Exercise instructions: Where the line containing "Jardinière surélevée moderne" appears, begin retyping; continue exactly through the final line of the data. Omit every picture.

Records provided:
=-=-=-=-=

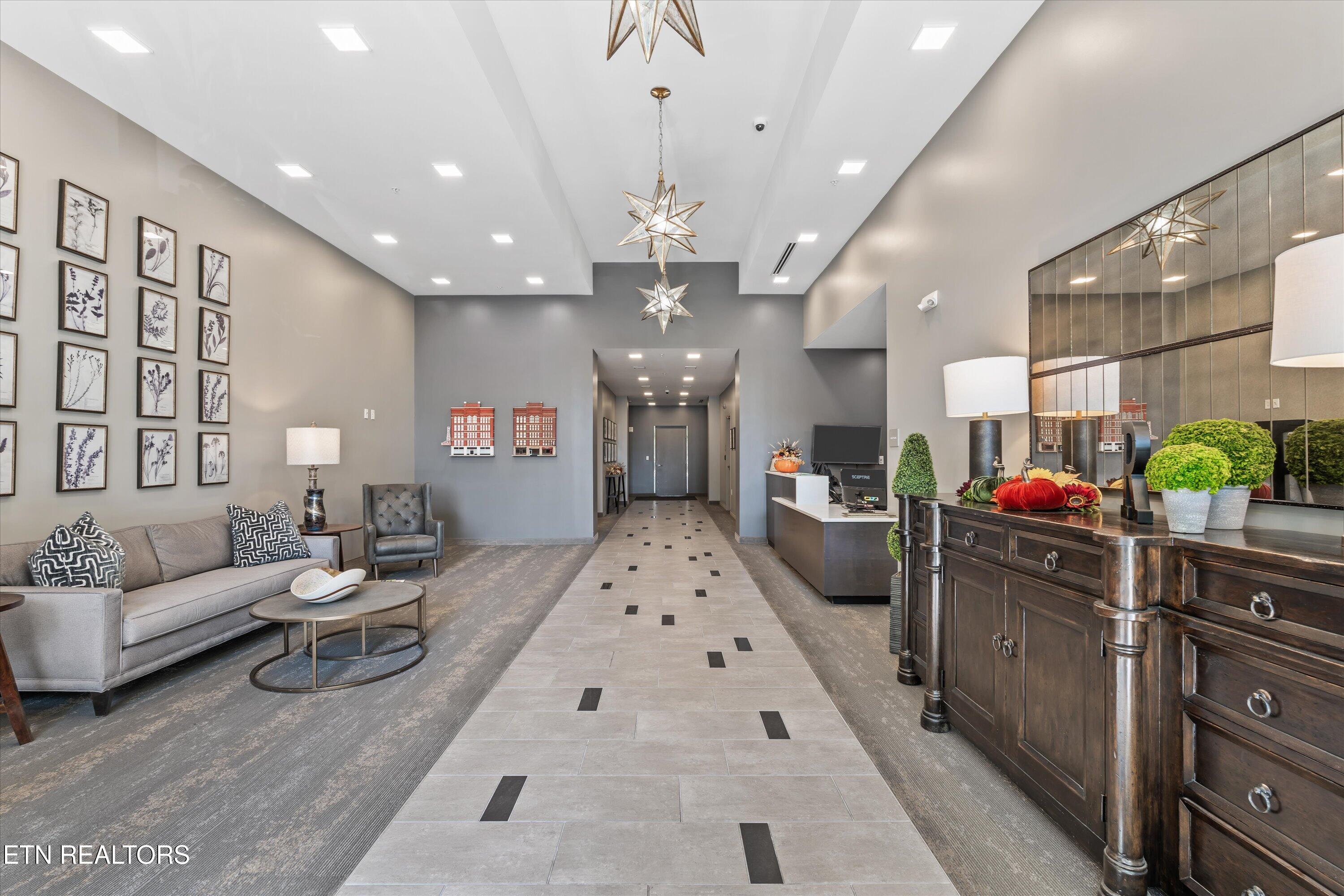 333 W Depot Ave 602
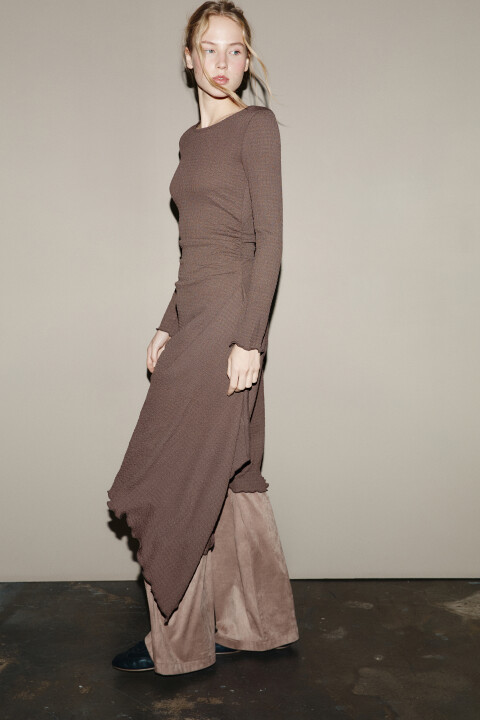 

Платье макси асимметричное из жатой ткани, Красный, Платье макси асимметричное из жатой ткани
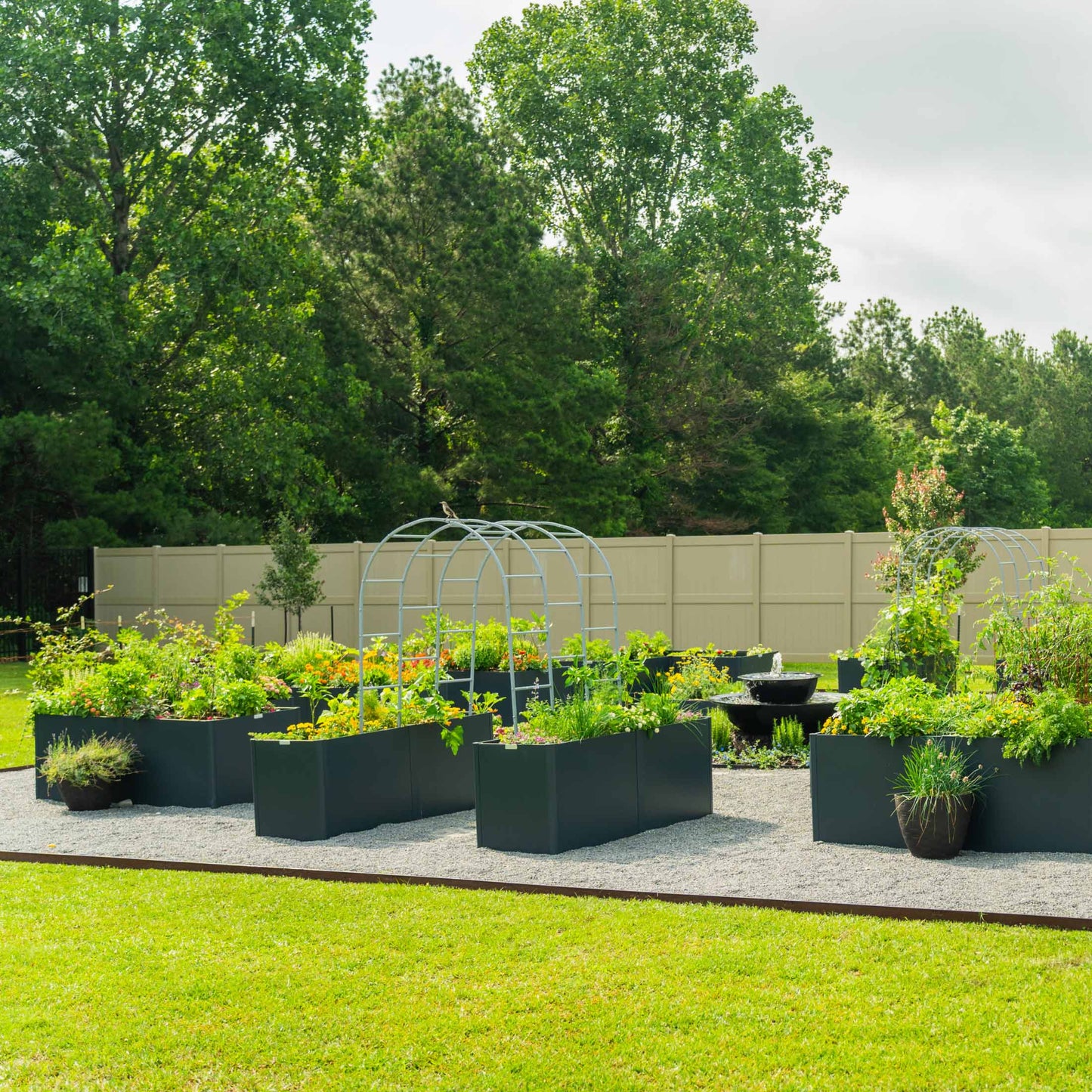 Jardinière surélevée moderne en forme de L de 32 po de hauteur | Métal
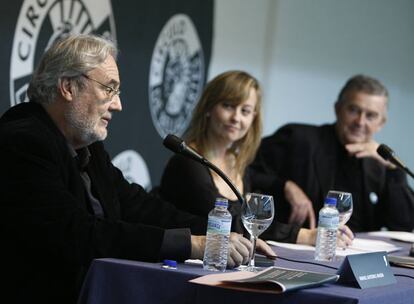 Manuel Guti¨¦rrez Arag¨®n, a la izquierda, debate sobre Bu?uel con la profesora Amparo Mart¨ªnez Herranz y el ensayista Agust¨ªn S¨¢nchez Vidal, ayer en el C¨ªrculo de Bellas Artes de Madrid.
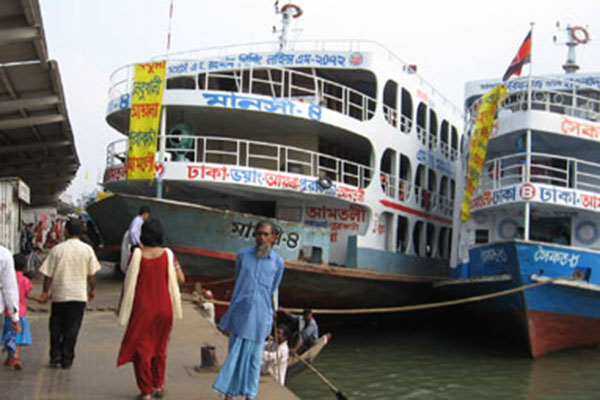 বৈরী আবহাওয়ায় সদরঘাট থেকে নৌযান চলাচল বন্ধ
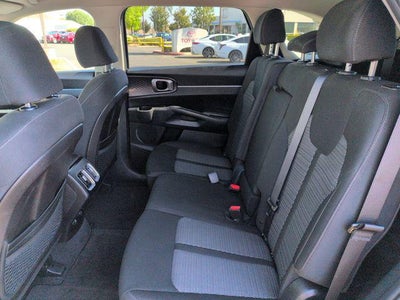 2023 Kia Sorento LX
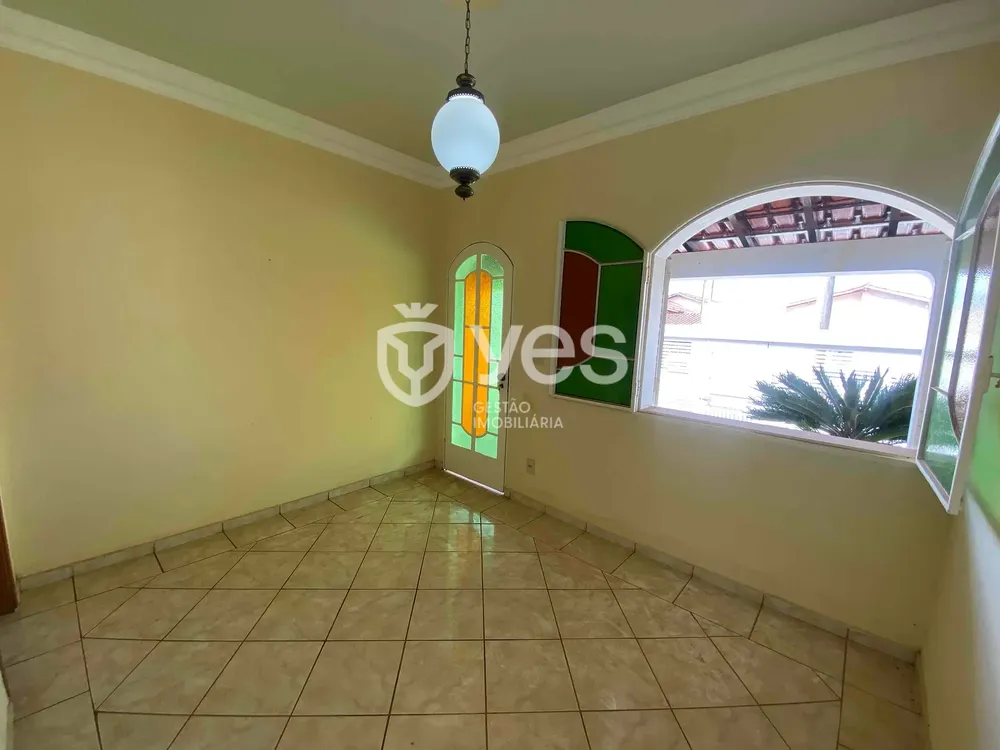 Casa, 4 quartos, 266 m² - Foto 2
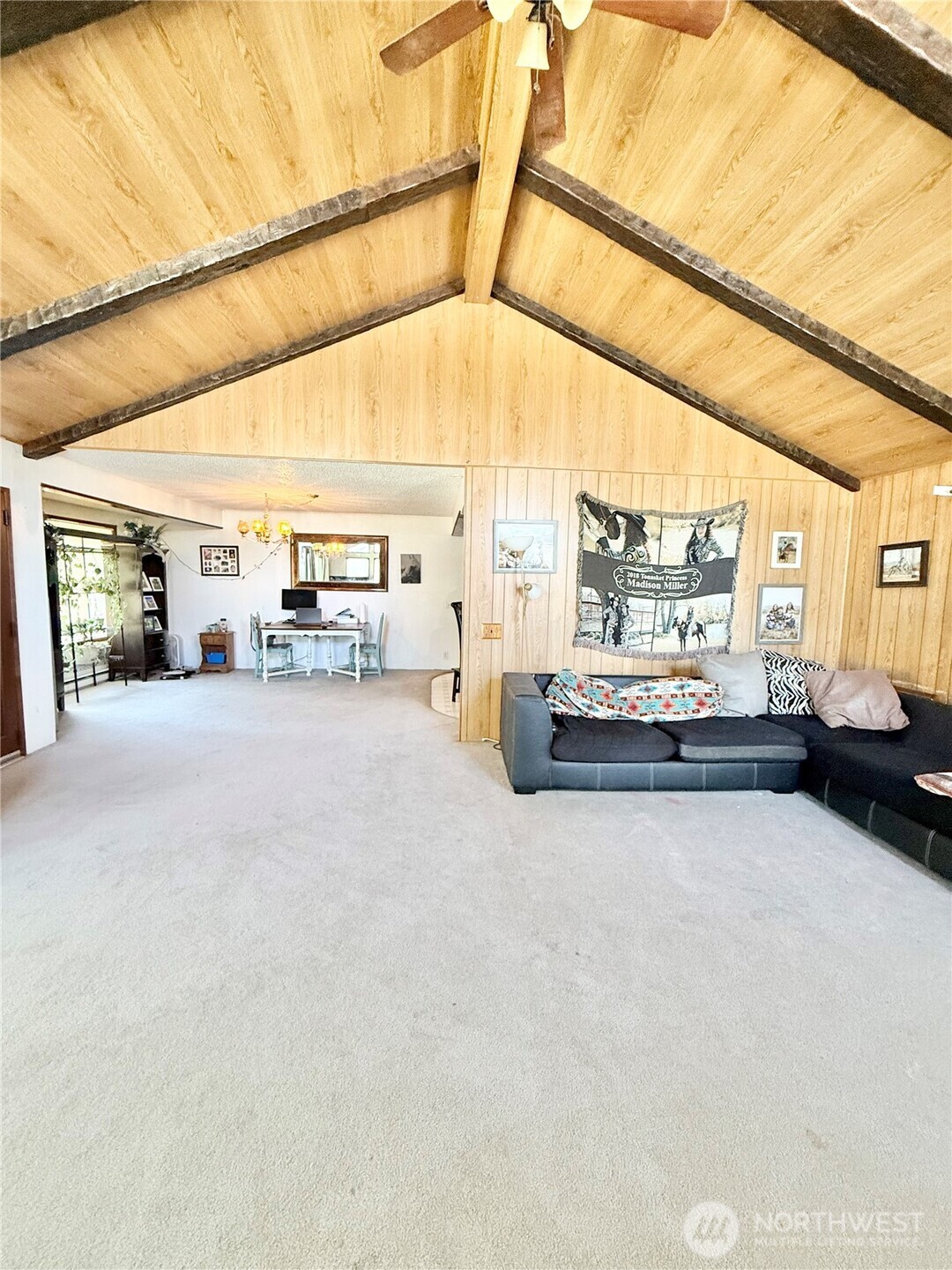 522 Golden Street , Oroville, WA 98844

=-=-=-=-=

Exercise solution:
 Jardinière surélevée moderne en forme de L de 32 po de hauteur | Métal
 Manuel Guti¨¦rrez Arag¨®n, a la izquierda, debate sobre Bu?uel con la profesora Amparo Mart¨ªnez Herranz y el ensayista Agust¨ªn S¨¢nchez Vidal, ayer en el C¨ªrculo de Bellas Artes de Madrid.
 বৈরী আবহাওয়ায় সদরঘাট থেকে নৌযান চলাচল বন্ধ
 2023 Kia Sorento LX
 Casa, 4 quartos, 266 m² - Foto 2
 522 Golden Street , Oroville, WA 98844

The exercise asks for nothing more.